Brett Docherty

Personal information
- Born: 4 March 1968 (age 58) Hay, New South Wales, Australia

Playing information
- Position: Fullback, Wing
Club
| Years | Team | Pld | T | G | FG | P |
| 1989–91 | Western Suburbs | 25 | 0 | 18 | 0 | 36 |
| 1992 | Illawarra Steelers | 15 | 0 | 3 | 0 | 6 |
| 1993 | Eastern Suburbs | 1 | 0 | 0 | 0 | 0 |
|  | Total | 41 | 0 | 21 | 0 | 42 |
- Source:

= Brett Docherty =

Australian rugby league player

Brett Docherty (born 4 March 1968) is an Australian former professional rugby league footballer who played for the Western Suburbs Magpies, Illawarra Steelers and Eastern Suburbs.

Born in the New South Wales town of Hay, Docherty played three first-grade seasons at Western Suburbs, as a fullback and occasional goalkicker.

In 1992 he joined Illawarra and had his biggest impact at the club before the season started, helping the Steelers to the Challenge Cup title.

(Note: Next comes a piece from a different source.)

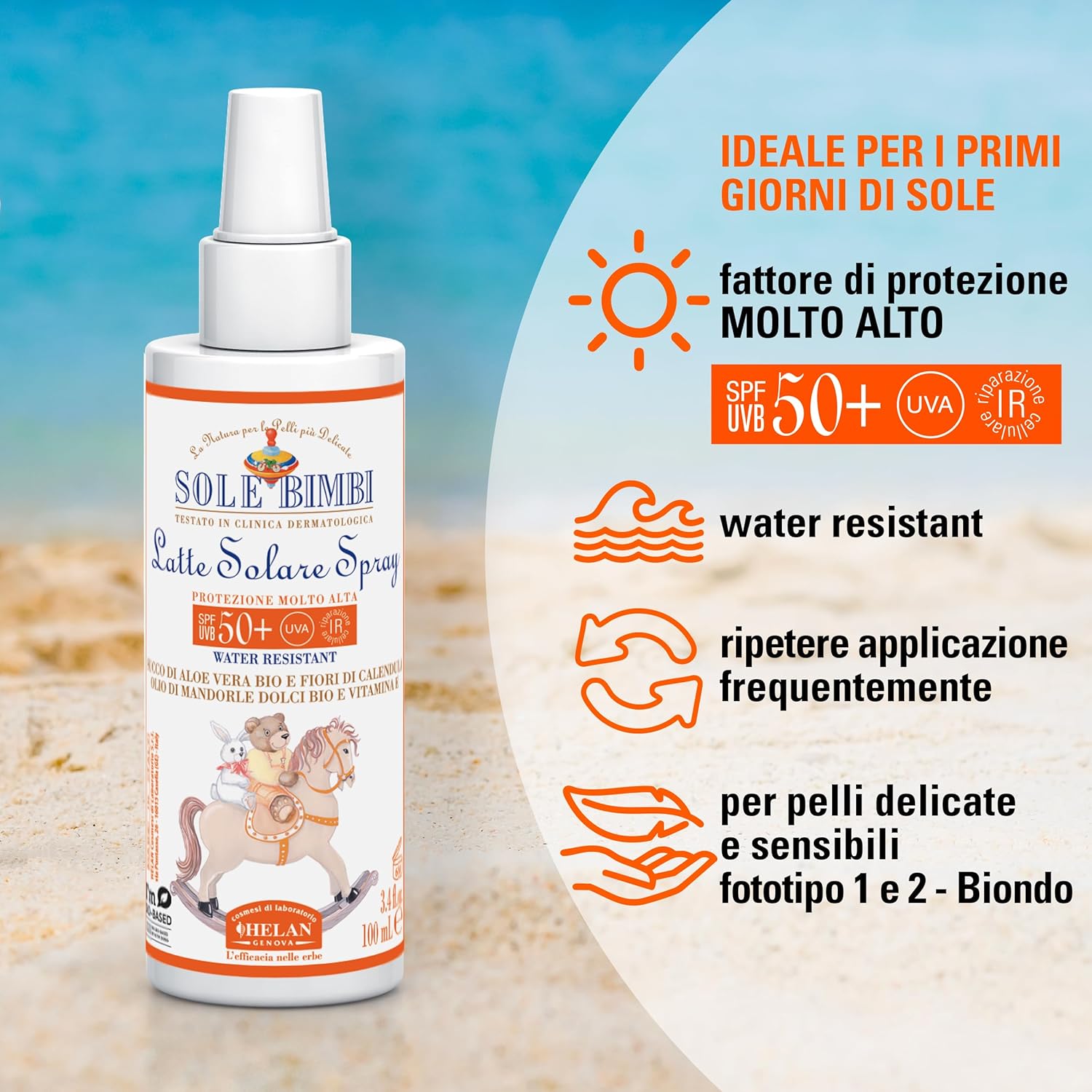 Detalle 2 de Helan Sole Bimbi SPF50+ Fluide Spray Enfants et Bébés – Hydratant et Protecteur, 100 ml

Playing as a winger, he scored the winning try in Illawarra's semi-final win over Cronulla, then kicked both of his side's penalties when they defeated the Brisbane Broncos 4-2 in the final. He kept his spot on the wing when the NSWRL season began, before later returning to fullback, in what would be his only season at Illawarra.

Docherty made a single first-grade appearance for Eastern Suburbs in 1993, before being signed by the Western Reds the following season as the Perth-based club looked to build its list for entry into the league in 1995.